══ The records

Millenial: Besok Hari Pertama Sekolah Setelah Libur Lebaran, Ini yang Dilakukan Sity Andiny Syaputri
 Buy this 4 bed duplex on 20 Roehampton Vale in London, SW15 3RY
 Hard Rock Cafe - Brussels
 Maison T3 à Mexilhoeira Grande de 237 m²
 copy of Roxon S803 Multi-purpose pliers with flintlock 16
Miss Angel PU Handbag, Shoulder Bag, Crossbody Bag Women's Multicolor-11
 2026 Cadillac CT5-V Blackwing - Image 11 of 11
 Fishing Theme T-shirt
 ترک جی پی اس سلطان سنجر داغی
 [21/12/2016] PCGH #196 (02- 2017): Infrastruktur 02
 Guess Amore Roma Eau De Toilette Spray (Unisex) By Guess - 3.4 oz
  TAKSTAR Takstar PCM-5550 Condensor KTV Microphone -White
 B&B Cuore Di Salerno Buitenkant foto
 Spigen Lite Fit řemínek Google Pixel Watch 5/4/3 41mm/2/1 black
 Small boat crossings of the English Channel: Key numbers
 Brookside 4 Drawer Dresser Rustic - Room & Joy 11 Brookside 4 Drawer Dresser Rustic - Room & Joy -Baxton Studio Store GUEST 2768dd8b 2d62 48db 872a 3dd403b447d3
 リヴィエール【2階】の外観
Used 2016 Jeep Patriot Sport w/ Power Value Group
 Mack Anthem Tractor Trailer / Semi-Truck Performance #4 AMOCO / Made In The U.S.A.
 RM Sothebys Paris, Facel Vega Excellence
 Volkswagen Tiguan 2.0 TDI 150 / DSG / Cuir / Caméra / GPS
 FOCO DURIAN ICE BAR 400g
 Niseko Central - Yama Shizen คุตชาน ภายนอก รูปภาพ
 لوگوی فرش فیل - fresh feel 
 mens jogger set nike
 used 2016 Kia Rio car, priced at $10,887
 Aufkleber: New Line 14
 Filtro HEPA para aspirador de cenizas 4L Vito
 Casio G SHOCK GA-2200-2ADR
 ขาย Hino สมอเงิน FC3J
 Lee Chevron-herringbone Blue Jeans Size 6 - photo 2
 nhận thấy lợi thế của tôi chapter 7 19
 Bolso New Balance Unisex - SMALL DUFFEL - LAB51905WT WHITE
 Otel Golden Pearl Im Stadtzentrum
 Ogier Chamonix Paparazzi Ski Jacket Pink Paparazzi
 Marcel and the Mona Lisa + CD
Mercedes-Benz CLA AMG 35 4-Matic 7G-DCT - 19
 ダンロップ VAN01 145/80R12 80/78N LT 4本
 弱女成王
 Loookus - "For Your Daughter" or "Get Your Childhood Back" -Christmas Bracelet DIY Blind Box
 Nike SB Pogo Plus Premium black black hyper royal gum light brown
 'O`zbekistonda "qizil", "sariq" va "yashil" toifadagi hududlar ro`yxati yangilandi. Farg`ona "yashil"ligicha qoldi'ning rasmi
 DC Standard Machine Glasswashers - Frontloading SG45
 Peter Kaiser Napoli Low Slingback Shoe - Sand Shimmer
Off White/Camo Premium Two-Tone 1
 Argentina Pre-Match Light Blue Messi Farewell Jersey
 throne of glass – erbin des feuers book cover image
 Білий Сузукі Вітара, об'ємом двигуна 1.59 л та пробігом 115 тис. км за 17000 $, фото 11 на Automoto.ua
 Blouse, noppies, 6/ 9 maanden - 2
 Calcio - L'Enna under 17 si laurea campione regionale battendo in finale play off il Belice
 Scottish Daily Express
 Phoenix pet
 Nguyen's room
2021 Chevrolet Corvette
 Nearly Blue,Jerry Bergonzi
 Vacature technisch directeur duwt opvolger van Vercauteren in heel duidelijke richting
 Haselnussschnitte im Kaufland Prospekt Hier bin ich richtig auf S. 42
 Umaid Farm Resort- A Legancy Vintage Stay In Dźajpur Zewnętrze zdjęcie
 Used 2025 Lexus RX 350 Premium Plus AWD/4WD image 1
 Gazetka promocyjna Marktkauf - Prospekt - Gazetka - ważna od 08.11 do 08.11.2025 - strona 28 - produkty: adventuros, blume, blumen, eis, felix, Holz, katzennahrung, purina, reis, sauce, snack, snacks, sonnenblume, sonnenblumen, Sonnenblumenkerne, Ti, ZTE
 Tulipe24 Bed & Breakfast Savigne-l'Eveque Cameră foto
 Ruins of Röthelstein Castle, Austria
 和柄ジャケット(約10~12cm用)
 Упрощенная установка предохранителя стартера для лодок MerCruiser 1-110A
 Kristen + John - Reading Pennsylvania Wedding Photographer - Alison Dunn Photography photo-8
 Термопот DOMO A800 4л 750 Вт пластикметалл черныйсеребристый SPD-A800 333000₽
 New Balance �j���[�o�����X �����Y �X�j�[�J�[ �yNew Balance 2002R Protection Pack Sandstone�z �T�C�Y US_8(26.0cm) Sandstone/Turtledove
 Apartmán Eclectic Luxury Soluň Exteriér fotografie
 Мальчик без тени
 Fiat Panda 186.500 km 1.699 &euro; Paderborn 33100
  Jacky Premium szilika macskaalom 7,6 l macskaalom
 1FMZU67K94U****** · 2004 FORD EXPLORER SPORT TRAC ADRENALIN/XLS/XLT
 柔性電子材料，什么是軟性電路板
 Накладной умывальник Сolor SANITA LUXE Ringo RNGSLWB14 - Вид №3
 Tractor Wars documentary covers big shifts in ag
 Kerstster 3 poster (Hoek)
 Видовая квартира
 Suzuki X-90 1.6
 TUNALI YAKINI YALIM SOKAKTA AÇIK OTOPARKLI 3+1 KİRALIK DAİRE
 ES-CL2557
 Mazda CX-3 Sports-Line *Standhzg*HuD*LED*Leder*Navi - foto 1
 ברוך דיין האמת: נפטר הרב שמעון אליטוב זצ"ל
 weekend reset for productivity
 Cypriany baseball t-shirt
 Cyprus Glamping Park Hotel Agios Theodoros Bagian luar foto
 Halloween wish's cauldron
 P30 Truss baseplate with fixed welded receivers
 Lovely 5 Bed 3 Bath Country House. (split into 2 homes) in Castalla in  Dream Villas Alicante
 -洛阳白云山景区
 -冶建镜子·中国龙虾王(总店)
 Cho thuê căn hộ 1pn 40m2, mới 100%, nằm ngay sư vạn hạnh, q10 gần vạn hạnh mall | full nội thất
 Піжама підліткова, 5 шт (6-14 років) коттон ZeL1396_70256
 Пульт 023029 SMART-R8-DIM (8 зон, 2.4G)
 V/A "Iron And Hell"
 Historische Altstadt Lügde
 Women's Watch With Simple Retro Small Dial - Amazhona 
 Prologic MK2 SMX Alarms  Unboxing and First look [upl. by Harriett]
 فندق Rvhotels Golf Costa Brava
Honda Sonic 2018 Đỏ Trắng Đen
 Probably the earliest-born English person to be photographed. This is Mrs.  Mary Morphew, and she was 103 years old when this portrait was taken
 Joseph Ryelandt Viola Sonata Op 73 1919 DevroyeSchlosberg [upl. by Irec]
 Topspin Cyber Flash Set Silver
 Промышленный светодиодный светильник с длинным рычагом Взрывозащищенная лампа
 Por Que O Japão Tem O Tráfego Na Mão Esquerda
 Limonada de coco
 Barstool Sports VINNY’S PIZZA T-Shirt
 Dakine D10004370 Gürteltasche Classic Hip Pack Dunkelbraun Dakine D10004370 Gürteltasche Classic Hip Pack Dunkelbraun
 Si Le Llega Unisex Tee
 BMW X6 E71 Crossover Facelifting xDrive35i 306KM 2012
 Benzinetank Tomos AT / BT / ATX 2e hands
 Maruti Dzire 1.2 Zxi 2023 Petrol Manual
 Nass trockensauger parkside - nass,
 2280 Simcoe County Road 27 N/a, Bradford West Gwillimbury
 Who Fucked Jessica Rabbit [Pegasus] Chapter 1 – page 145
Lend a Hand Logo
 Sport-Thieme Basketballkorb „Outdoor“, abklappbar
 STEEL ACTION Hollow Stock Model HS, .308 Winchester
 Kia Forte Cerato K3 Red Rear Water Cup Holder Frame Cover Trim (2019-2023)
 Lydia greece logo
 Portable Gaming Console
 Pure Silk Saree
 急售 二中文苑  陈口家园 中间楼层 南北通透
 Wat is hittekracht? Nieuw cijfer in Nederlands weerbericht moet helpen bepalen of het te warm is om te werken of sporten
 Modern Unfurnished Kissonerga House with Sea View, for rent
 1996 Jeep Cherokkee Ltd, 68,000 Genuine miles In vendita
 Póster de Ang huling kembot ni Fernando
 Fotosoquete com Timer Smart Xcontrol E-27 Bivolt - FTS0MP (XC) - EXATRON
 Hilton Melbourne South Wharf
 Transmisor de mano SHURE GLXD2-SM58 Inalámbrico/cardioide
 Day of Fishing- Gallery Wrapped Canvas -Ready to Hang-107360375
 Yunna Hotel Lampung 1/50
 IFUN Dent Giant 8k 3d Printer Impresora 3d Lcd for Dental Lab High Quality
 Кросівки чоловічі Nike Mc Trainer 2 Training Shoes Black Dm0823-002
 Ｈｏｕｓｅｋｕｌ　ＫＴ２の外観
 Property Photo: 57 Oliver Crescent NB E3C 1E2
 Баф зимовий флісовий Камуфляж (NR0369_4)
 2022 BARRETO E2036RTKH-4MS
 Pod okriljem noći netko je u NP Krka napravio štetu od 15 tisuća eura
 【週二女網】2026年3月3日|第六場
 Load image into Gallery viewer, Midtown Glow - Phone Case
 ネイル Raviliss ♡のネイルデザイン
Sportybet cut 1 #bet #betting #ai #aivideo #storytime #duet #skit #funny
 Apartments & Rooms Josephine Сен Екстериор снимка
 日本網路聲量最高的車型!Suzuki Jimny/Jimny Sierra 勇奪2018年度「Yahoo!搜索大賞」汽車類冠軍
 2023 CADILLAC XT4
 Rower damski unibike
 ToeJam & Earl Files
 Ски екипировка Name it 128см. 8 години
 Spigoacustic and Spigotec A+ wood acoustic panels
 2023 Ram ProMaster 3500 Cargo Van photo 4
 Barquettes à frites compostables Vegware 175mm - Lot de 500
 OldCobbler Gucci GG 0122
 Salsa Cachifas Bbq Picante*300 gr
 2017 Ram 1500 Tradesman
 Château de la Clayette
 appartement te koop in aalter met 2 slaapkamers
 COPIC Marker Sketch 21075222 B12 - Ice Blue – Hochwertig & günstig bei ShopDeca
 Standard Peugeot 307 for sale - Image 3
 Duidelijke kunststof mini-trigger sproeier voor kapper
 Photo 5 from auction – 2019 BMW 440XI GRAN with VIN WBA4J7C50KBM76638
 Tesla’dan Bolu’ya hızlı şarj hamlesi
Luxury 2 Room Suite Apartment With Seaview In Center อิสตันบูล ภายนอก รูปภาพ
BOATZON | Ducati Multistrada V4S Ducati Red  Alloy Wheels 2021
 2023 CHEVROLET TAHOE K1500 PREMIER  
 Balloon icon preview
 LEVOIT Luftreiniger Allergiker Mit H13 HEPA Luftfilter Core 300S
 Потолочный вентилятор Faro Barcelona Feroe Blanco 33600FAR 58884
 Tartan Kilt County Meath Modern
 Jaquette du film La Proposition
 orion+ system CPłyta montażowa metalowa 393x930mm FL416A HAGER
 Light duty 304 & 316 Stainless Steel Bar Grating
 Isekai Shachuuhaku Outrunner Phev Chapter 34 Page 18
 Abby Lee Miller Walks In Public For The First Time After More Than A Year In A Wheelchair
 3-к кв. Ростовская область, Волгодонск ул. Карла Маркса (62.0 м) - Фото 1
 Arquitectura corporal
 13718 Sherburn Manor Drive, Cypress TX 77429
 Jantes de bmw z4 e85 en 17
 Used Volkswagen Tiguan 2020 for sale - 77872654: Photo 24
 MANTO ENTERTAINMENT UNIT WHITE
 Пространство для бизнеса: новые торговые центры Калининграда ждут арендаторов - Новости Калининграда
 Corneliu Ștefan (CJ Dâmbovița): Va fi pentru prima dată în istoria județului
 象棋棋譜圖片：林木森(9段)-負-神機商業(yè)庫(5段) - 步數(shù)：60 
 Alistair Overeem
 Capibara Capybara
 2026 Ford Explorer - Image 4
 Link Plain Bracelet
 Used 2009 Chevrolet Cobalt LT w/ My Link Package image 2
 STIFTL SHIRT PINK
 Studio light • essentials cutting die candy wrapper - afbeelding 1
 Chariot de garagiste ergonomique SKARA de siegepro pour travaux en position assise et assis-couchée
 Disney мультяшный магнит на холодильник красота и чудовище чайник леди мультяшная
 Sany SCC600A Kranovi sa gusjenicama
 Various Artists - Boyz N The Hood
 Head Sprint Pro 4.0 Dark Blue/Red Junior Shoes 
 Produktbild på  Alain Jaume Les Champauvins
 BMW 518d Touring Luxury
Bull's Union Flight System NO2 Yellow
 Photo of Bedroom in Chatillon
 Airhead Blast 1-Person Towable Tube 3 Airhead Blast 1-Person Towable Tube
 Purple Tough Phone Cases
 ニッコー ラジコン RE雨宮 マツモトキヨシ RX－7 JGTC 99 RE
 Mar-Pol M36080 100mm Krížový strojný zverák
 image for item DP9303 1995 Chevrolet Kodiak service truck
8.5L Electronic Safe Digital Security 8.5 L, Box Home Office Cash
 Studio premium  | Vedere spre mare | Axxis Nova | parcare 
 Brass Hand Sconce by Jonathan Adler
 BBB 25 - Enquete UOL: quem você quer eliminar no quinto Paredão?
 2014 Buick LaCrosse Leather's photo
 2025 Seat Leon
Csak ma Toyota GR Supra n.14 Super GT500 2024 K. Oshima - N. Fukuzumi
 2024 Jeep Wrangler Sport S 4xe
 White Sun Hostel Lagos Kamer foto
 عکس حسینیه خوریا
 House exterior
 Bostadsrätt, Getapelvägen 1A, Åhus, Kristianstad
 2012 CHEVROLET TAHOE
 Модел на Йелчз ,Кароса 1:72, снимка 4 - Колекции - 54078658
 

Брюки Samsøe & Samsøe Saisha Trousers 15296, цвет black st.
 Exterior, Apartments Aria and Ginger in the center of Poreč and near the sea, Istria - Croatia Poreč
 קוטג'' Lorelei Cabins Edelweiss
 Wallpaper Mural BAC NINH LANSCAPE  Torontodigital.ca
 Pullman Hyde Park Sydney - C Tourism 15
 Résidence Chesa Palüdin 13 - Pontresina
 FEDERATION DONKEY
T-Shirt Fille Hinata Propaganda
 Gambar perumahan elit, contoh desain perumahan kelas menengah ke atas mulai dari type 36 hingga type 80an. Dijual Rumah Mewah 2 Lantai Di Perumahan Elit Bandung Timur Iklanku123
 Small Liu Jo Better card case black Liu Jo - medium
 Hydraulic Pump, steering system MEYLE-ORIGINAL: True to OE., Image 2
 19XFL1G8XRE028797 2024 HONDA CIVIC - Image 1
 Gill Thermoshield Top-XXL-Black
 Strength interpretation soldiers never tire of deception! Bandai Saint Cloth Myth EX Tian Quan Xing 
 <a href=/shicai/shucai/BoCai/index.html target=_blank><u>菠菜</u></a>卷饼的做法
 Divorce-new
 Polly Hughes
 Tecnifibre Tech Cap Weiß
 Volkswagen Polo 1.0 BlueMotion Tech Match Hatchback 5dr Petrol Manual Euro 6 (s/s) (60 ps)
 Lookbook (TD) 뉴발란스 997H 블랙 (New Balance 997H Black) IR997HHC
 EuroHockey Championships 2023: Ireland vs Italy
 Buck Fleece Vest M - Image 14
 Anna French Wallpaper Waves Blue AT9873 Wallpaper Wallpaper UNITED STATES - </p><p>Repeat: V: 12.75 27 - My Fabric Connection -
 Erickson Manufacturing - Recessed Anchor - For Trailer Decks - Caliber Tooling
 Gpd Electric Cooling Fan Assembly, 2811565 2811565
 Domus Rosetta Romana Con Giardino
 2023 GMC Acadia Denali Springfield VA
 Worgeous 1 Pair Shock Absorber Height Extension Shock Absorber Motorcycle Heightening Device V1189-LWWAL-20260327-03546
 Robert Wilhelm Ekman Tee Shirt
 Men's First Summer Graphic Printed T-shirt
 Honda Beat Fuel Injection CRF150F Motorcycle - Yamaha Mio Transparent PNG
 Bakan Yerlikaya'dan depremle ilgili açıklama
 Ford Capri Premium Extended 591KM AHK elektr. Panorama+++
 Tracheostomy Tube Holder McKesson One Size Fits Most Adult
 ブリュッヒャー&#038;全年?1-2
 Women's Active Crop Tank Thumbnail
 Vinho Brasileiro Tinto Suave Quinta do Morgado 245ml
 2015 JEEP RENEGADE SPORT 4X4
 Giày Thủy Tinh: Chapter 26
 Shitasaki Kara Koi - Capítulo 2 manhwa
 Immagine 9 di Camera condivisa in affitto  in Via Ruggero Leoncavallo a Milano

════

* [About this task]:
Working from the records above, write out verbatim only the lines from the line containing "Buy this 4 bed" through the line containing "Used 2016 Jeep".

* [Result for this task]:
 Buy this 4 bed duplex on 20 Roehampton Vale in London, SW15 3RY
 Hard Rock Cafe - Brussels
 Maison T3 à Mexilhoeira Grande de 237 m²
 copy of Roxon S803 Multi-purpose pliers with flintlock 16
Miss Angel PU Handbag, Shoulder Bag, Crossbody Bag Women's Multicolor-11
 2026 Cadillac CT5-V Blackwing - Image 11 of 11
 Fishing Theme T-shirt
 ترک جی پی اس سلطان سنجر داغی
 [21/12/2016] PCGH #196 (02- 2017): Infrastruktur 02
 Guess Amore Roma Eau De Toilette Spray (Unisex) By Guess - 3.4 oz
  TAKSTAR Takstar PCM-5550 Condensor KTV Microphone -White
 B&B Cuore Di Salerno Buitenkant foto
 Spigen Lite Fit řemínek Google Pixel Watch 5/4/3 41mm/2/1 black
 Small boat crossings of the English Channel: Key numbers
 Brookside 4 Drawer Dresser Rustic - Room & Joy 11 Brookside 4 Drawer Dresser Rustic - Room & Joy -Baxton Studio Store GUEST 2768dd8b 2d62 48db 872a 3dd403b447d3
 リヴィエール【2階】の外観
Used 2016 Jeep Patriot Sport w/ Power Value Group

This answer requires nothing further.